Protocol development

Systematic reviews of the effectiveness of and harm caused by interventions were carried out using methodology2527 in line with the recommendations of the NHS Centre for Reviews and Dissemination and the Cochrane Collaboration, including the Cochrane Adverse Methods Subgroup.2533 The systematic reviews of effectiveness and of adverse effects were carried out simultaneously.

The protocol for this review included the following: a detailed literature search to identify all relevant citations, prioritisation of outcomes relevant to clinical practice by Delphi survey, assessment of the risk of bias for the individual studies and evaluation of the strength of evidence for individual outcomes using GRADE (Grading of Recommendations Assessment, Development and Evaluation) methodology.

Research question

The structured question addressed by the project is given in Table 1.

TABLE 1. The research question addressed by the project.

TABLE 1

The research question addressed by the project.

Methods for effectiveness review

Search strategy

A detailed search of the relevant published and unpublished literature was conducted by constructing a comprehensive search strategy for the effectiveness of dietary and lifestyle interventions in pregnancy. The following databases were searched: MEDLINE, EMBASE, BIOSIS, Latin American and Caribbean Health Sciences Literature (LILACS), Science Citation Index, Cochrane Database of Systematic Reviews (CDSR), Cochrane Central Register of Controlled Trials (CENTRAL), Database of Abstracts of Reviews of Effects (DARE), HTA database and PsycINFO. In addition, information on studies in progress and unpublished research or research reported in the grey literature were sought by searching a range of relevant databases including Inside Conferences, Systems for Information in Grey Literature (SIGLE), Dissertation Abstracts and ClinicalTrials.gov.
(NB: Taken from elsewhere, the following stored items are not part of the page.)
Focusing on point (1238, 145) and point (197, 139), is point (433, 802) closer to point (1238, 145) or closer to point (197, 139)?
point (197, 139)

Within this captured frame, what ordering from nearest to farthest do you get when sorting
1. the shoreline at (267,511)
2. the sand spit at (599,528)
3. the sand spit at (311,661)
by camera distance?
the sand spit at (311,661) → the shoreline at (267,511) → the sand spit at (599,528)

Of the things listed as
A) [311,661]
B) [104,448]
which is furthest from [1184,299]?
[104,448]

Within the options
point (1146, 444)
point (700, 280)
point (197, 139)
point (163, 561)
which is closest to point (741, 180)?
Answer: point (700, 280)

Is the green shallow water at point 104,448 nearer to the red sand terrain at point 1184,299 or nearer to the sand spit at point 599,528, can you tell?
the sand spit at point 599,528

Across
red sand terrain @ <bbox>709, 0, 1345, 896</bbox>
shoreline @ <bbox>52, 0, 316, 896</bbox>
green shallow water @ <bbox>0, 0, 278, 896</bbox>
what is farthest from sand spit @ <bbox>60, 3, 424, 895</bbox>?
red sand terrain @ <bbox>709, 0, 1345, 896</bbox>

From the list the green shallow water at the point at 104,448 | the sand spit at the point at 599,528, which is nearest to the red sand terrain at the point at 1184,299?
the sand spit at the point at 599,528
Internet searches were also carried out using specialist search gateways (such as OMNI: www.omni.ac.uk/), general search engines (such as Google: www.google.co.uk/) and meta-search engines (such as Copernic: www.copernic.com/). The aim was to identify all studies evaluating the effectiveness of interventions for weight management in pregnancy.
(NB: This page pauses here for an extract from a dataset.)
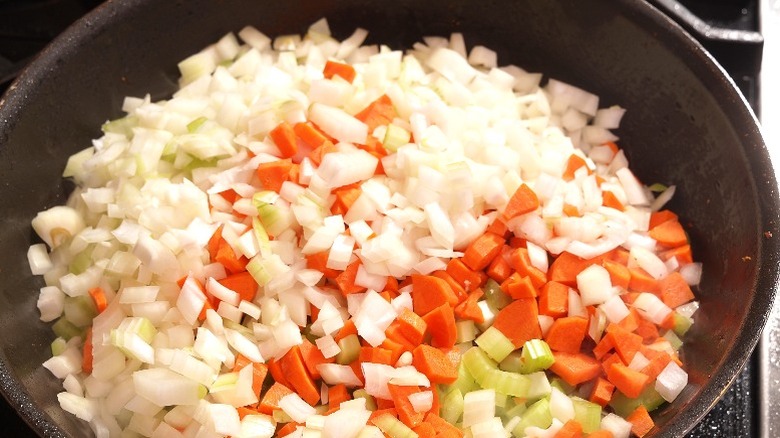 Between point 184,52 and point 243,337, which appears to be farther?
point 184,52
The search strategy was designed in a multistep process by combining search terms related to pregnancy and weight. The search was limited by including search filters for ‘human studies’ and ‘study type’ (randomised clinical trials and observational trials without case series and case studies). Existing search strategies or filters, such as the InterTASC Information Specialists' Sub-Group Search Filter Resource, were used to develop the search strategy with some modifications as needed. No further limitations were applied. The detailed search strategy for effectiveness is provided in Appendix 2. MEDLINE and EMBASE were searched from inception to May 2010. Other databases were searched from inception to June 2010. The search was repeated and updated until March 2011. A comprehensive master database of articles was constructed using Reference Manager 12.0® software (Thomson Reuters, New York, NY, USA).

Inclusion criteria

The criteria for inclusion of studies in the effectiveness review are described in the following sections.

Population

Pregnant women expecting one or more than one baby (i.e. twins or triplets) were included. We included women who were of normal weight (BMI 18.5–24.9 kg/m2), overweight (BMI 25–29.9 kg/m2) or obese (BMI ≥ 30 kg/m2). We excluded pregnant women who were underweight (BMI < 18.5 kg/m2).

Setting

Any setting including primary care or secondary and tertiary units.

Interventions

We included any dietary, physical activity and behavioural change intervention that has the potential to influence weight change in pregnancy. Studies that evaluated interventions mainly based on dietary advice were classified in the dietary interventions group. Interventions primarily based on physical activities such as swimming, running and aerobic exercise were classified in the physical activity group. The mixed approach interventions group included studies that employed diet and physical activity components that may, or may not, be underpinned by behavioural theory. Table 2 lists the various interventions reviewed.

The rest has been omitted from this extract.